## [TASK REQUIREMENTS]
Repeat all of the records exactly, leaving out the pictures.

## [TASK DATA]
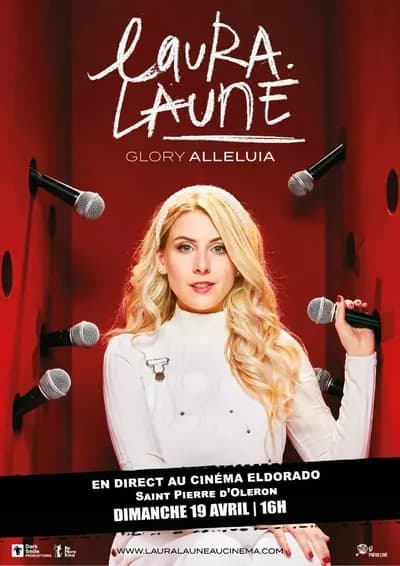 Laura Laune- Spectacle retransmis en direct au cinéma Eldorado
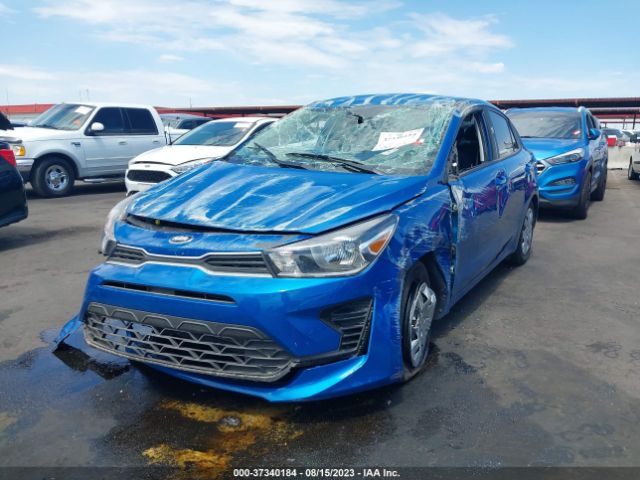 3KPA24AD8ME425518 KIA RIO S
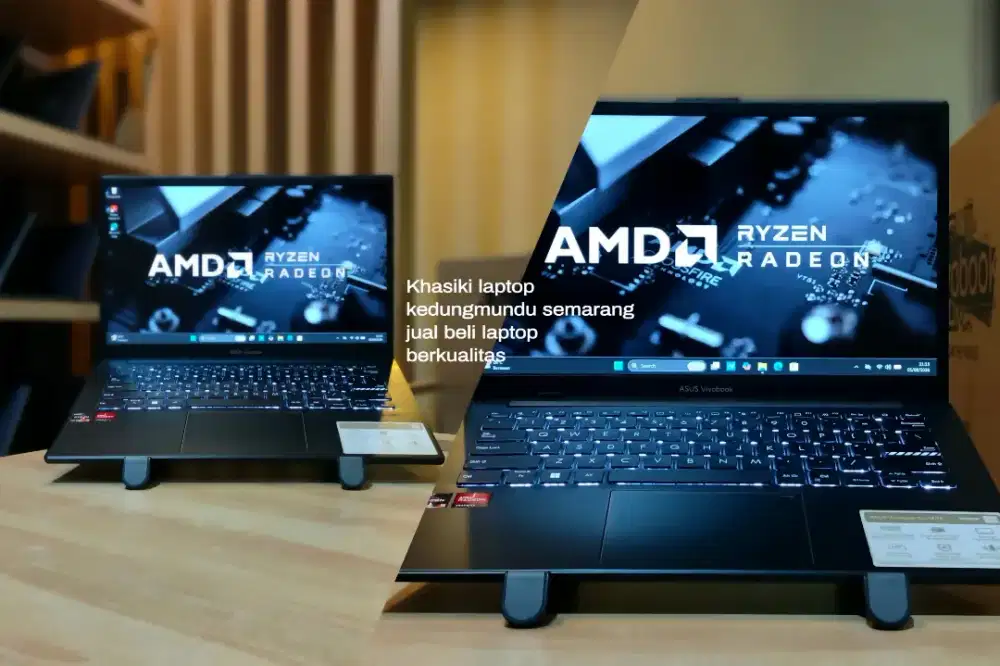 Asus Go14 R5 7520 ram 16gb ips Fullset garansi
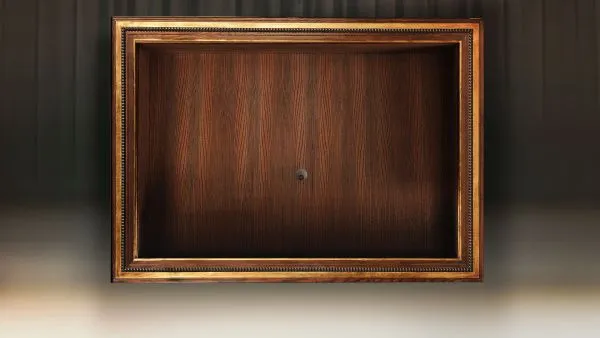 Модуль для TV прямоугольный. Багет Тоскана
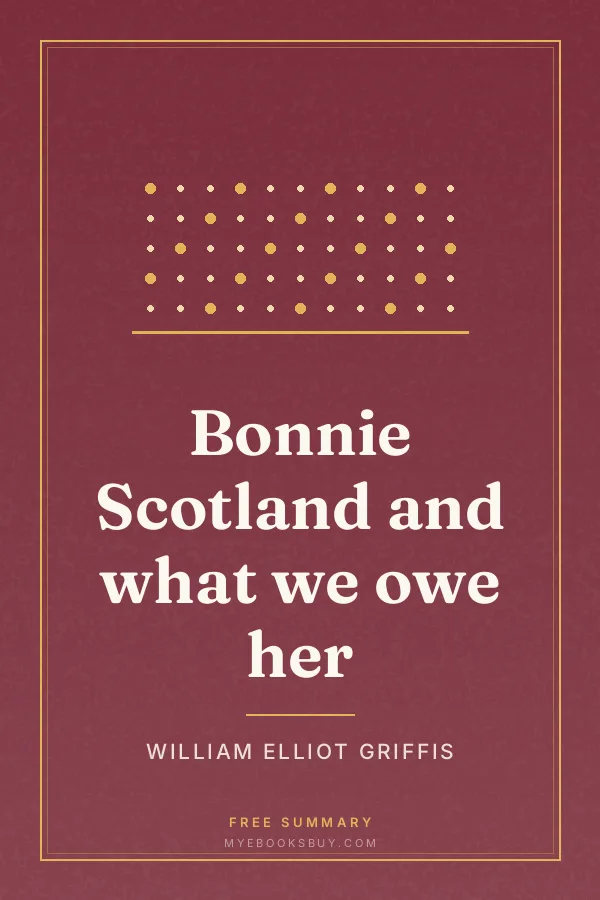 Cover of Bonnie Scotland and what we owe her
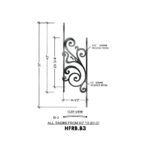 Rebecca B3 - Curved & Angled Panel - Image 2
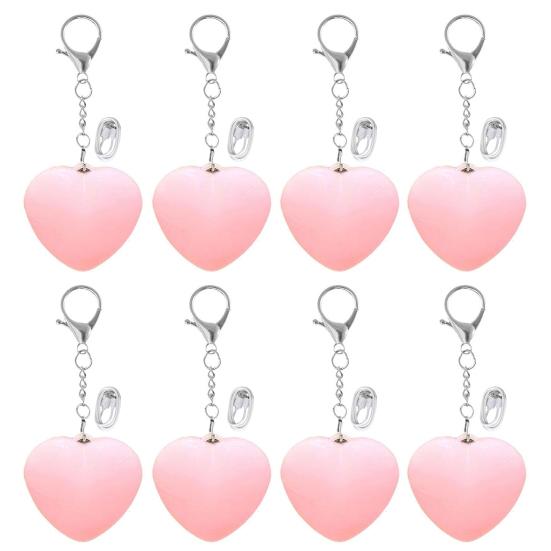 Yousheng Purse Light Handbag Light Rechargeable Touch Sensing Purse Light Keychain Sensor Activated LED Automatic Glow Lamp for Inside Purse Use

## [REPLY]
 Laura Laune- Spectacle retransmis en direct au cinéma Eldorado
 3KPA24AD8ME425518 KIA RIO S
 Asus Go14 R5 7520 ram 16gb ips Fullset garansi
 Модуль для TV прямоугольный. Багет Тоскана
 Cover of Bonnie Scotland and what we owe her
 Rebecca B3 - Curved & Angled Panel - Image 2
 Yousheng Purse Light Handbag Light Rechargeable Touch Sensing Purse Light Keychain Sensor Activated LED Automatic Glow Lamp for Inside Purse Use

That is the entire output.